O último concerto dos Beatles teve lugar a 29 de agosto no Candlestick Park em de San Francisco. Os Merry Pranksters tinham vindo propositadamente, no seu ônibus colorido, saudar aqueles que consideravam ser os novos heróis da idade psicodélica. Eles não encontraram mais que a organização habitual do circo “Beatles”, quatro marionetes perdidas no fundo de uma sala imensa, realizando uma paródia deles próprios para única satisfação de milhares de teenyboppers.
O avulso Paperback writer / Rain - É a primeira revertida em disco de que se tem notícia. John estava tão ligado naquele dia que chegou em casa e tratou logo de ouvir o que tinha gravado. Ficou sentado ali, fones nos ouvidos, perplexo: o negócio estava de trás pra frente! Voltou a tocar no dia seguinte, e pensou: Eu sei o que vou fazer com isto! Toquei novamente para que todos ouvissem - John. Era o sinal, o LP "Revolver" fora o antecessor das ousadias e agora Penny Lane / Strawberry Fields Forever, um compacto impressionante evocando os mundos perdidos da infância uma utopia muito estranha no caso de Paul, um lugar onde nada é real e onde nada se perde, no caso de John. Foi a maior contribuição ao rock, os Beatles sintentizaram a essência do psicodelismo, a segunda revolução do rock’n’roll depois da introdução da guitarra elétrica no rhythm and blues.

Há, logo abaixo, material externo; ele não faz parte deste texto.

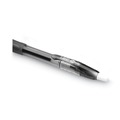 Office Jansan | BIC RLC11 BLK Gel-ocity 0.7 mm Medium Gel Pen - Black Ink/Translucent Black Barrel (1-Dozen) image number 5
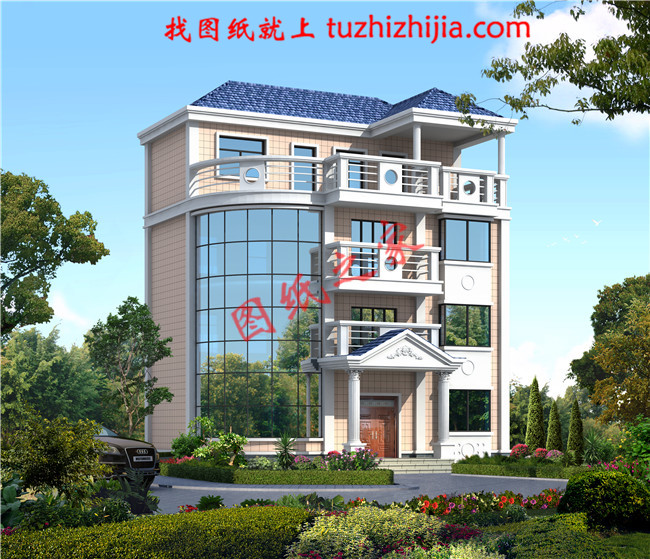 美觀三層半農(nóng)村自建房圖片，大家都喜歡的溫馨住宅！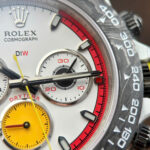 Rolex Daytona DiW Ferrari Knock Off Watches White Carbon Super Light 40mm - Image 8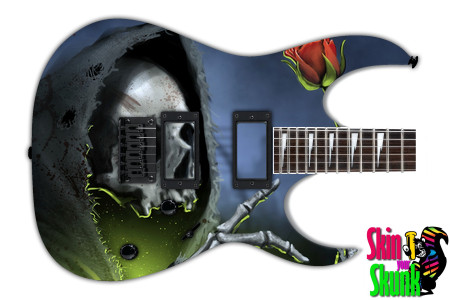  Guitar Skin Skull Sorrow 
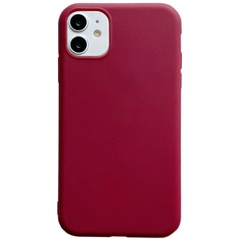 Силиконовый чехол Candy для Apple iPhone 11 (6.1") Бордовый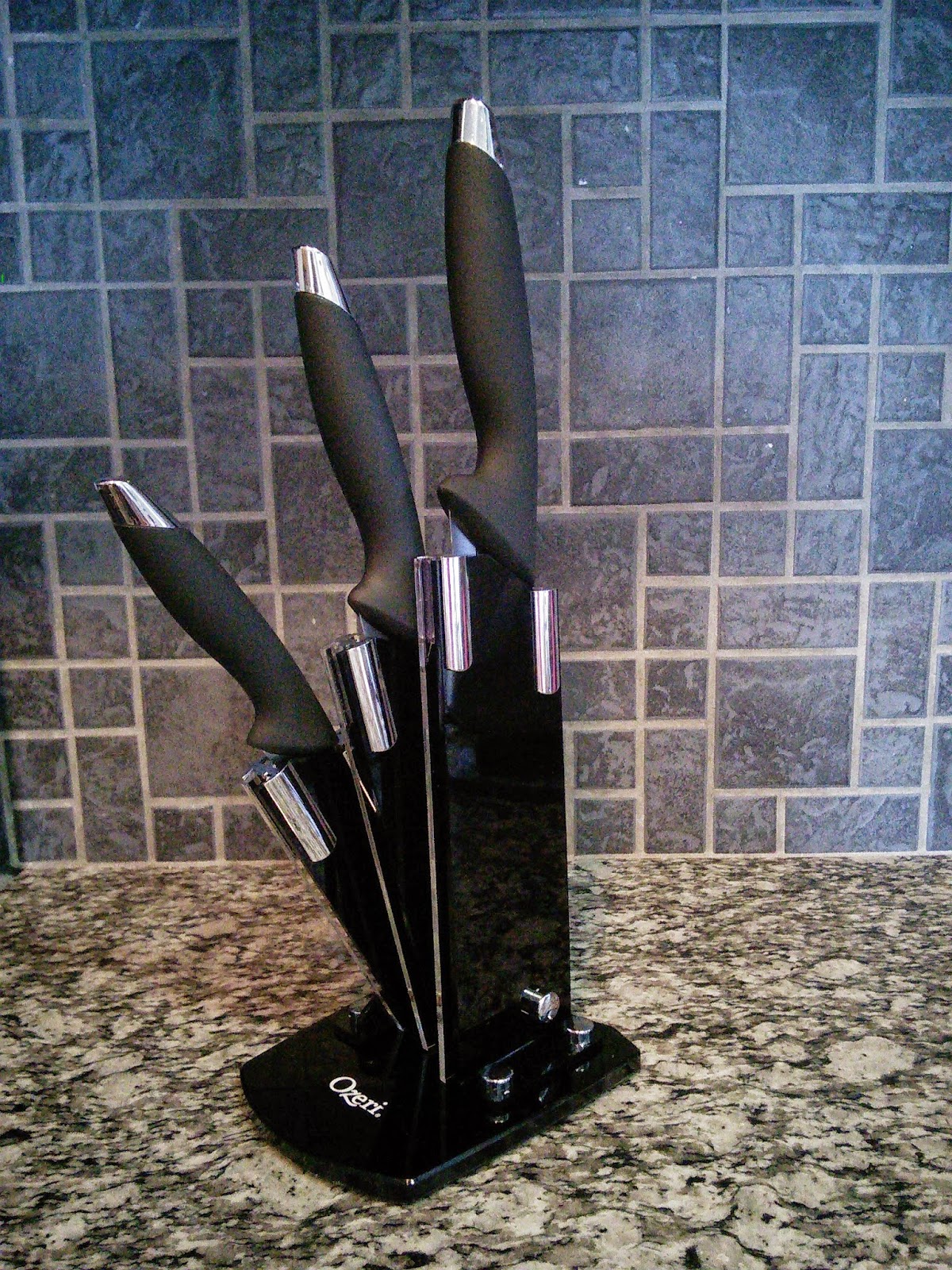 3pcs Ceramic Kitchen Knives Set Chef's Utility Knife Blade Sharp  4" 5" 6" + Base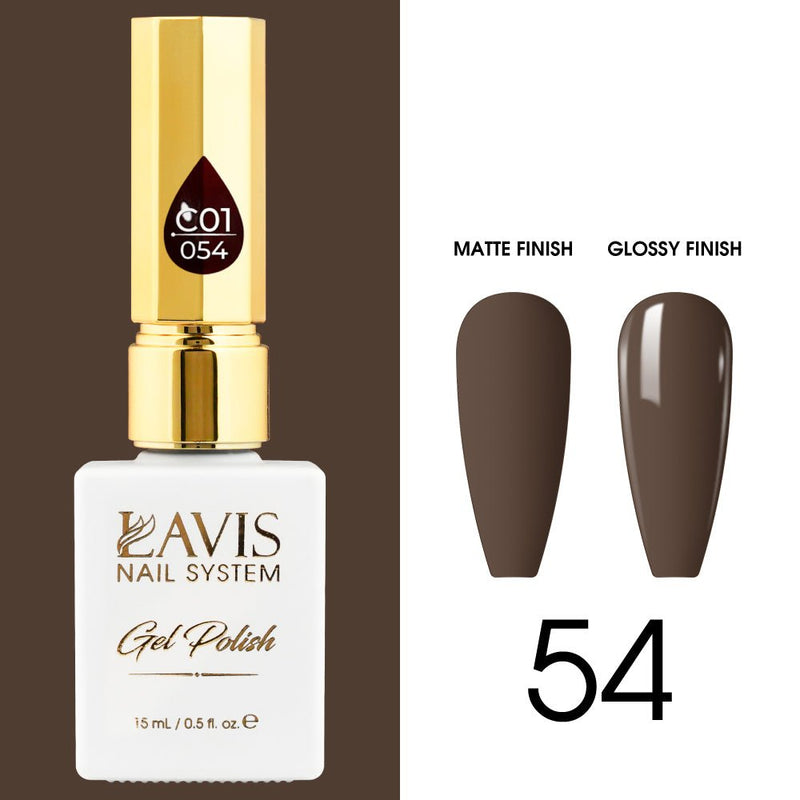LAVIS C01 - 054 - Gel Polish 0.5 oz - Whimsical Collection - DTK Nail Supply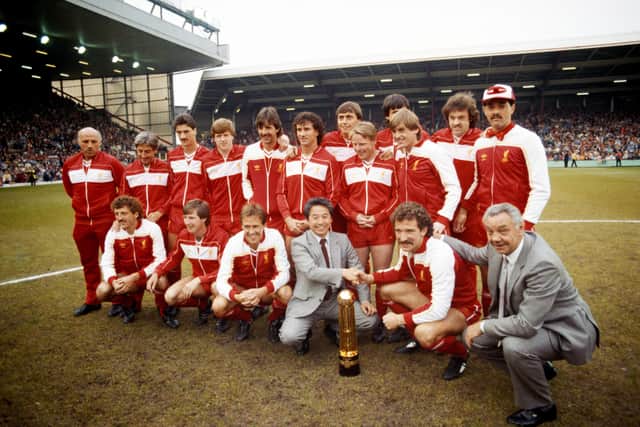 Liverpool celebrated another double winning season in 1984. (Getty Images)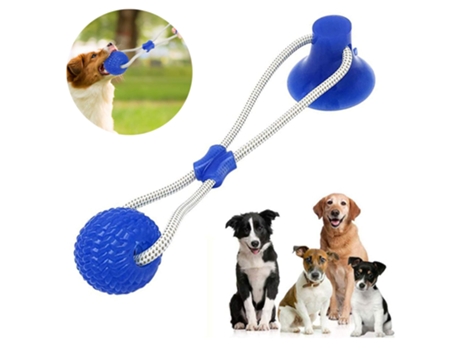 Ventosa Para Perro Juguete Para Dentición Mordedor Para Mascotas Juguete Multifuncional Interactivo Duradero ELKUAIE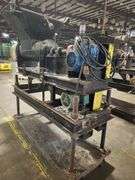 Industrial Auger Mixer with Hopper – Mobile Unit on Casters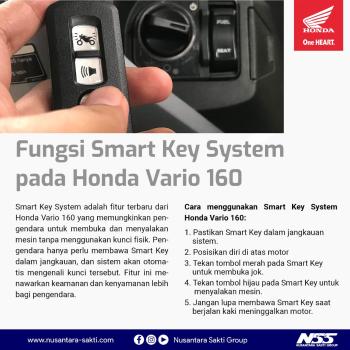 Berikut Fungsi Smart Key Syistem Pada Honda Vario 160 Pada NSS Pringsewu 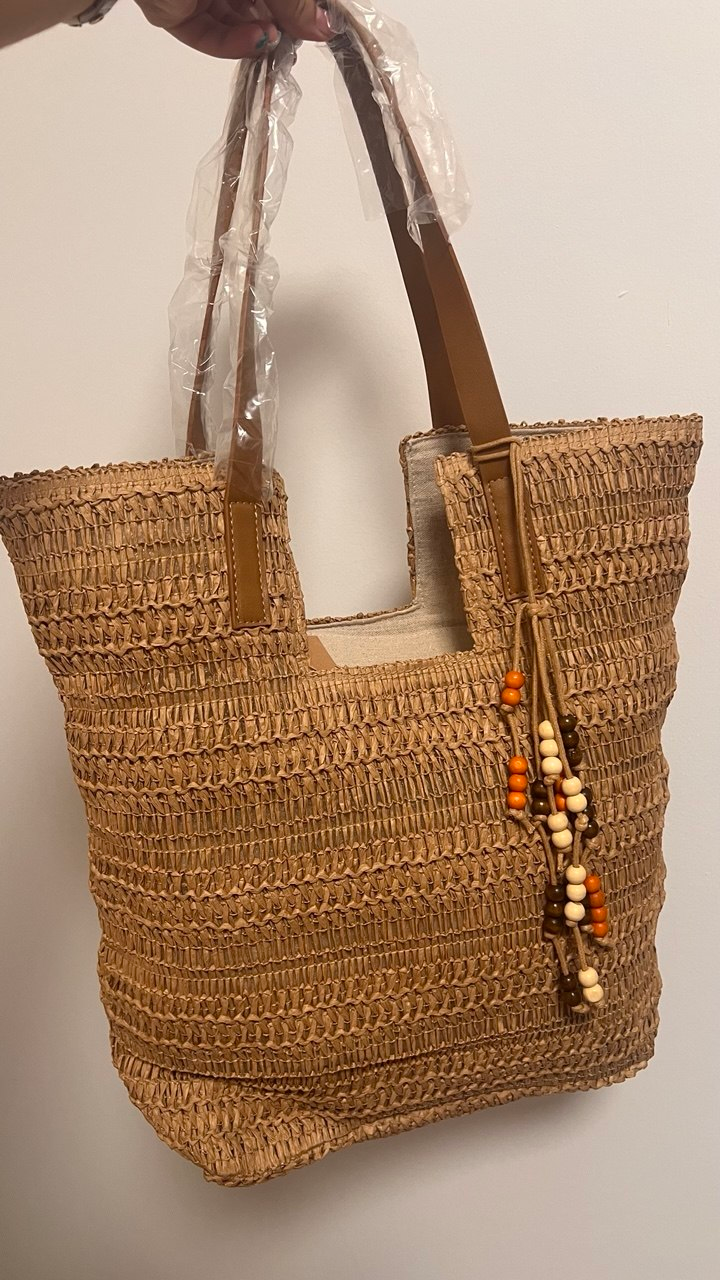 Bolso Rafia Valentina foto original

O que viria além?
Harmonicamente, Strawberry Fields começou com um simples acompanhamento de guitarra acústica por John, passando depois para o som acid de San Francisco com a entrada dos outros Beatles. E, para complicar ainda mais as coisas, Martin fez um arranjo mais melódico, na base de trompetes e violoncelos. Lennon gostava do começo de uma versão e do fim da outra.
"John, queria um som adocicado, sonhador, mas o resultado obtido era demasiado duro. Perguntou-me se lhe podia preparar uma nova versão para os instrumentos de corda. Concordei, escrevi uma nova partitura e gravamos. Ainda desta vez não consegui entusiasmá-lo. Não era o que tinha imaginado. Pediu-me que lhe desse a primeira parte das novas gravações pois iria tentar montá-las. Respondi-lhe que era impossível, dadas as diferentes tonalidades em que tinham sido tocadas e os compassos distintos em que tinham sido escritas" - George Martin.
Diante da sua indecisão, George Martin aumentou a velocidade de uma das gravações e conseguiu casualmente a tonalidade exigida, cortou-as ao meio e juntou as duas partes de que Lennon mais gostava. John contentou-se com isso e a partir de então compor música, significava para ele, montar convenientemente pequenos fragmentos.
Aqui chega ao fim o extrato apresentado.